[Captioned web image data]
☆ ☆ ☆ ☆ ☆

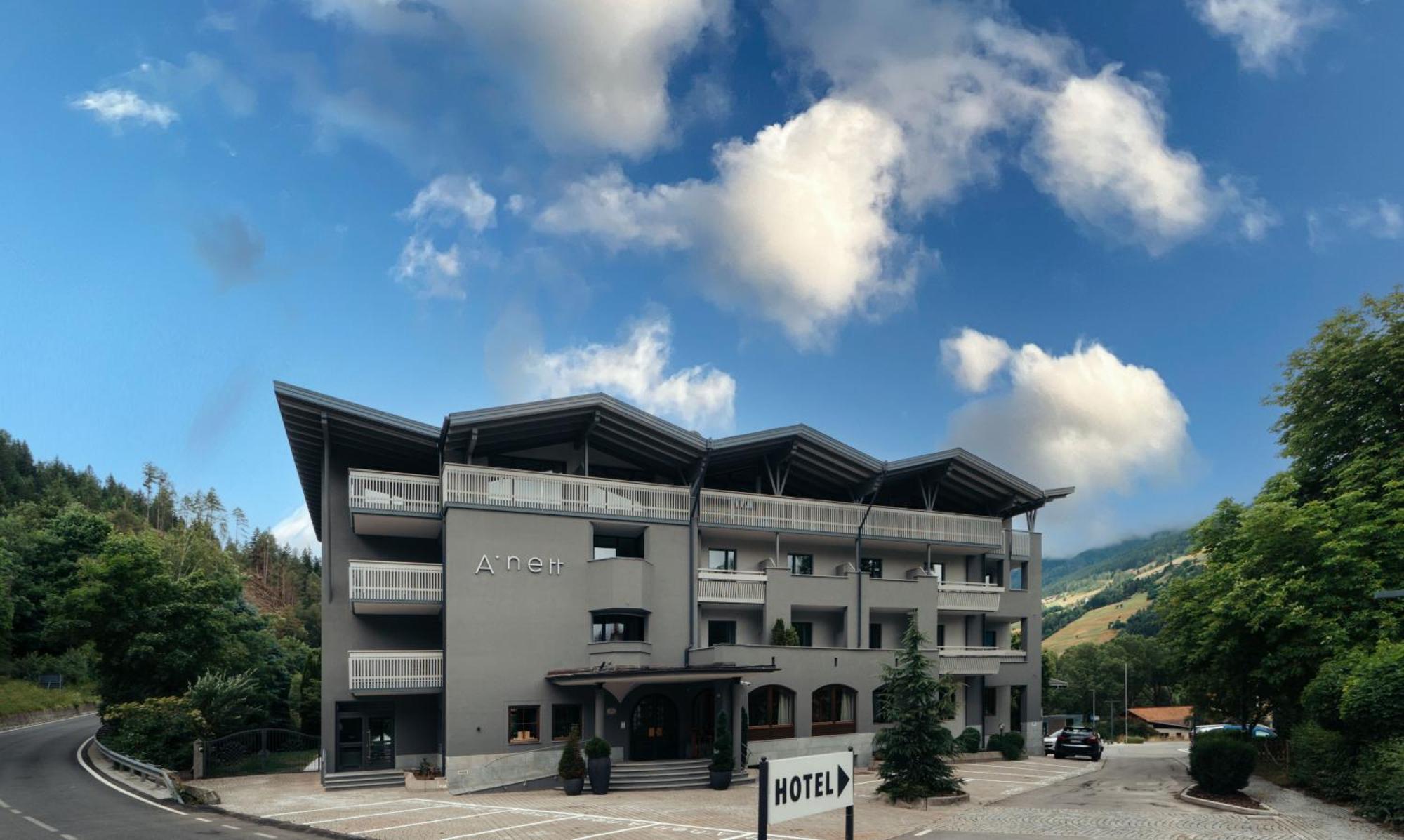 Anett Hotel Випитено Экстерьер фото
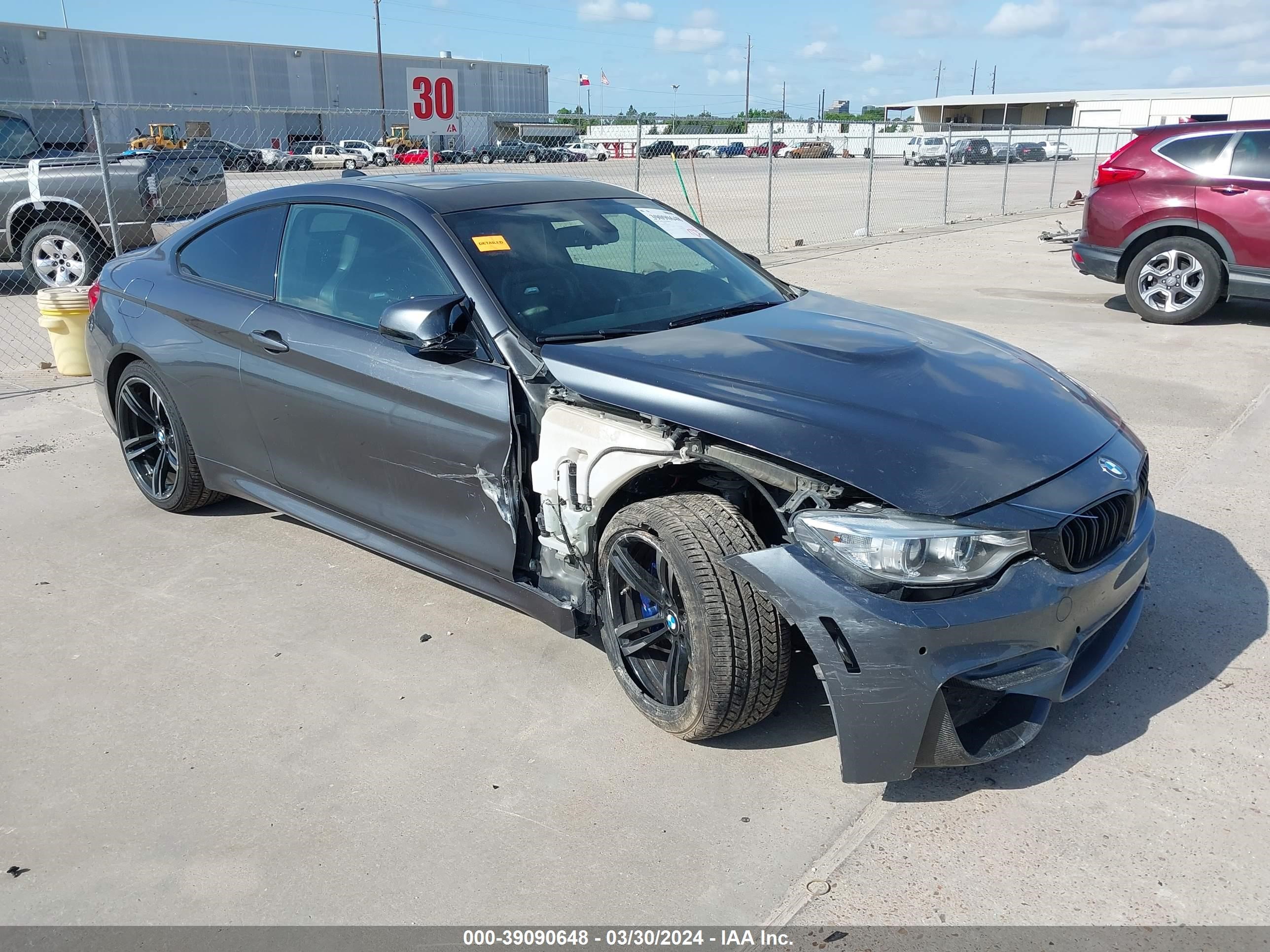 BMW M4 2016 wbs3r9c51gk336472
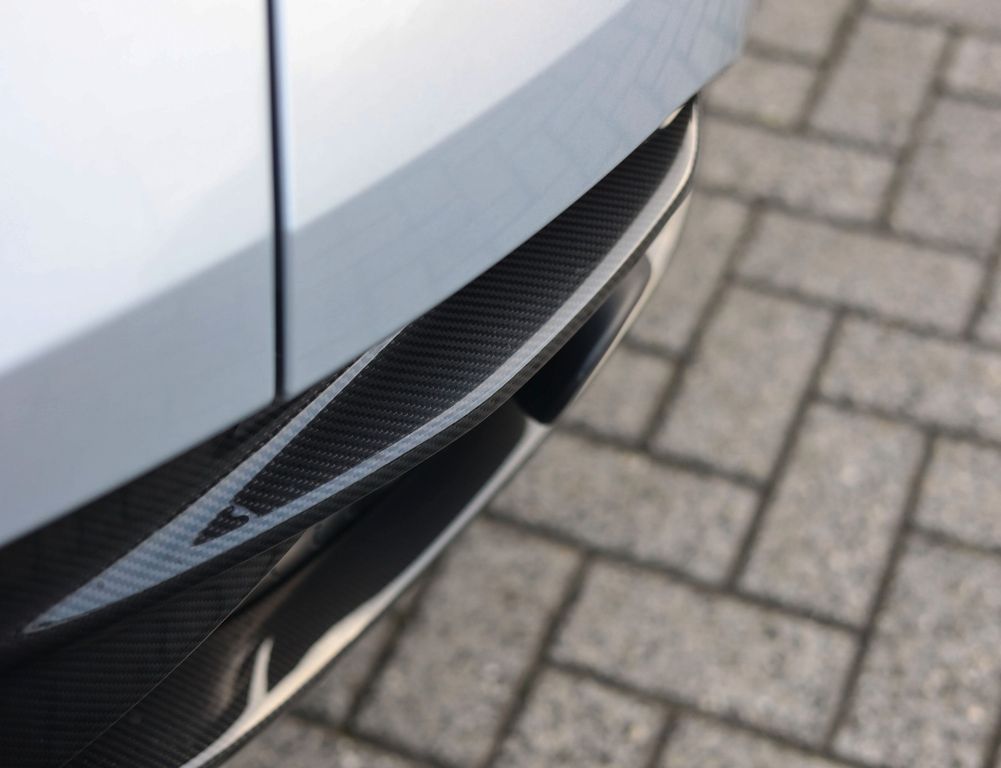 Aston Martin DB12 2024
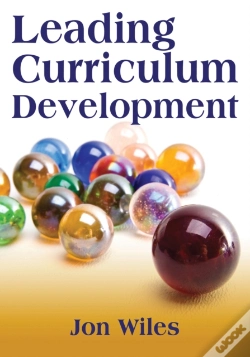 Capa do artigo Leading Curriculum Development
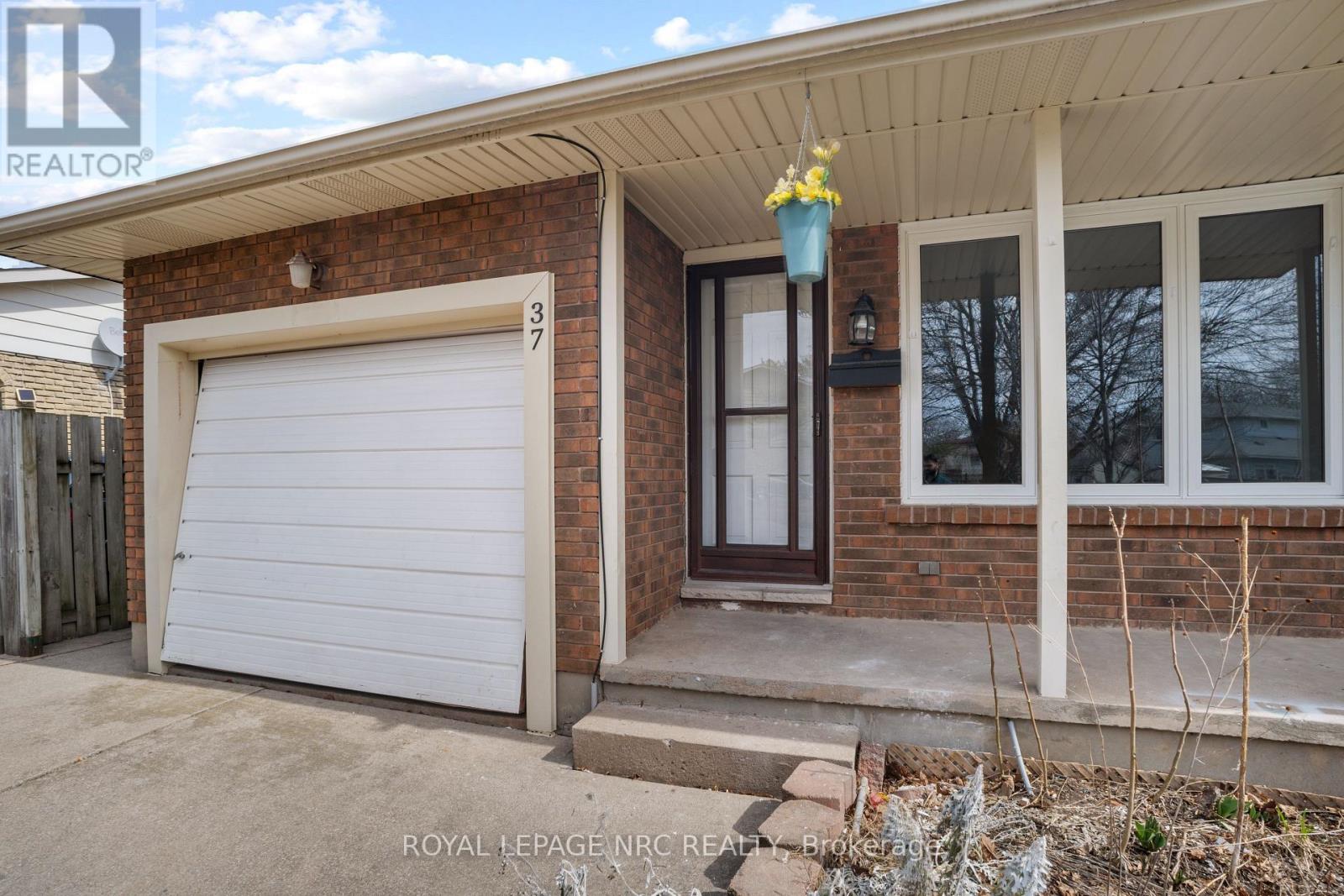 37 Greystone Crescent, St. Catharines, Ontario  L2N 6P1 - Photo 2 - X12695238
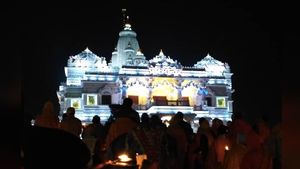 1 हजार मजदूरों की मेहनत से 11 साल में बना 125 फीट ऊंचा मंदिर, यहां जैसी कहीं नहीं मनती होली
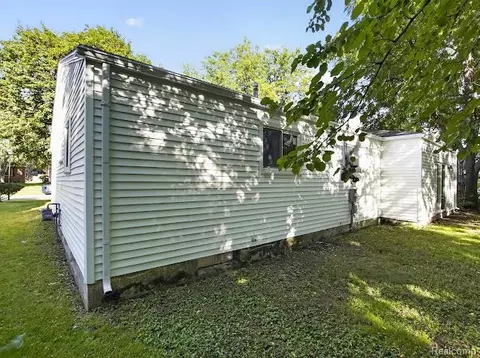 Exterior - 8564 Windsor Ct, Superior, MI 48198 photo 3 of 7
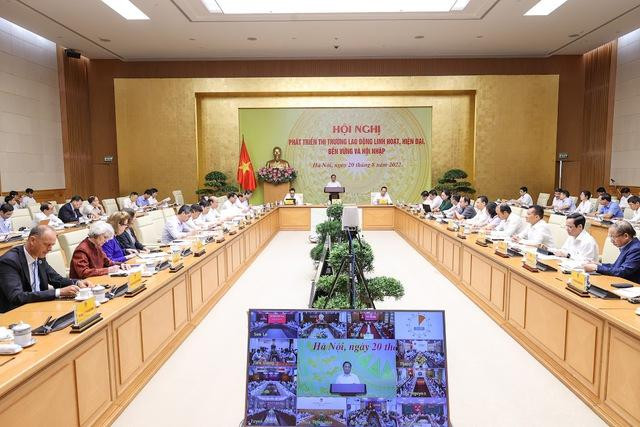 Toàn cảnh Hội nghị trực tuyến toàn quốc về phát triển thị trường lao động. Ảnh: VGP Toàn cảnh Hội nghị trực tuyến toàn quốc về phát triển thị trường lao động. Ảnh: VGP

☆ ☆ ☆ ☆ ☆

The required answer is the lines from the one that contains "1 हजार मजदूरों" through the last line of the records, restated word for word, with every picture dropped.

→ RESULT BELOW
 1 हजार मजदूरों की मेहनत से 11 साल में बना 125 फीट ऊंचा मंदिर, यहां जैसी कहीं नहीं मनती होली
 Exterior - 8564 Windsor Ct, Superior, MI 48198 photo 3 of 7
 Toàn cảnh Hội nghị trực tuyến toàn quốc về phát triển thị trường lao động. Ảnh: VGP Toàn cảnh Hội nghị trực tuyến toàn quốc về phát triển thị trường lao động. Ảnh: VGP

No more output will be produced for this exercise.